AMIDA: Augmented Multi-party Interaction with Distance Access

AMIDA is a new European Commissioned project funded to continue the research begun under AMI.

AMIDA will develop and expand the research vision to understand better and build new support for human communication at a distance.

The ground-breaking research that we shall undertake in AMIDA will span several traditionally separate disciplines, including:

  • Qualitative human analysis and human factors;
  • Audio-video processing, including unconstrained speech recognition and natural scene analysis;
  • Multimodal structure and content analysis, including the modelling of individuals and groups, through the joint processing of multiple (multimodal) information channels (audio, visual, slides, handwriting, and white board activity);
  • HCI, application prototyping, evaluation, and system integration.

The AMIDA research work will directly build upon the recognized achievements and large multimodal corpora (becoming a standard reference in the area of multimodal processing) resulting from AMI.

AMIDA represents a very challenging shift in emphasis from meeting recordings to live meetings with remote participants, using affordable commodity sensors (such as webcams and cheaper microphones), and targeting the development of advanced videoconferencing systems featuring new functionalities such as (1) filtering, searching and browsing; (2) remote monitoring; (3) interactive accelerated playback; (4) meeting support; and (5) shared context and presence.

While addressing additional scientific challenges (such as real-time processing and processing of lower quality audio and visual signals), AMIDA also raises the transfer potential of technologies through genuine integration of the AMIDA industrial partners collaborating on common prototypes and applications.
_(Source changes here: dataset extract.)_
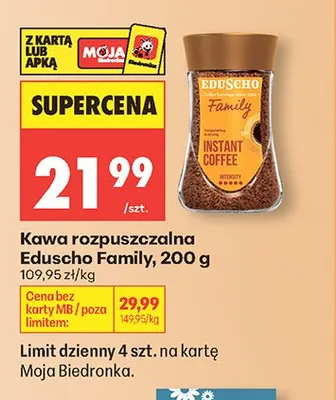 Kawa rozpuszczalna Eduscho Family promocja w Biedronka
Finally, through its Community of Interest, the AMI Consortium will also actively engage beyond the consortium members to spread awareness and knowledge among vendors, futurists and other research laboratories in the field.

A major output of WP4, and the project as a whole, is the development of a state-of-the-art online, realtime automatic speech recogniser. This technology has been further harnessed to produce the world's first web-based fully functioning automatic speech recogniser (webASR). I wrote and maintain all aspects of the web interface. It's free and very easy to use - just upload an audio file and after a short processing period, the transcript will be available in a range of formats including PDF.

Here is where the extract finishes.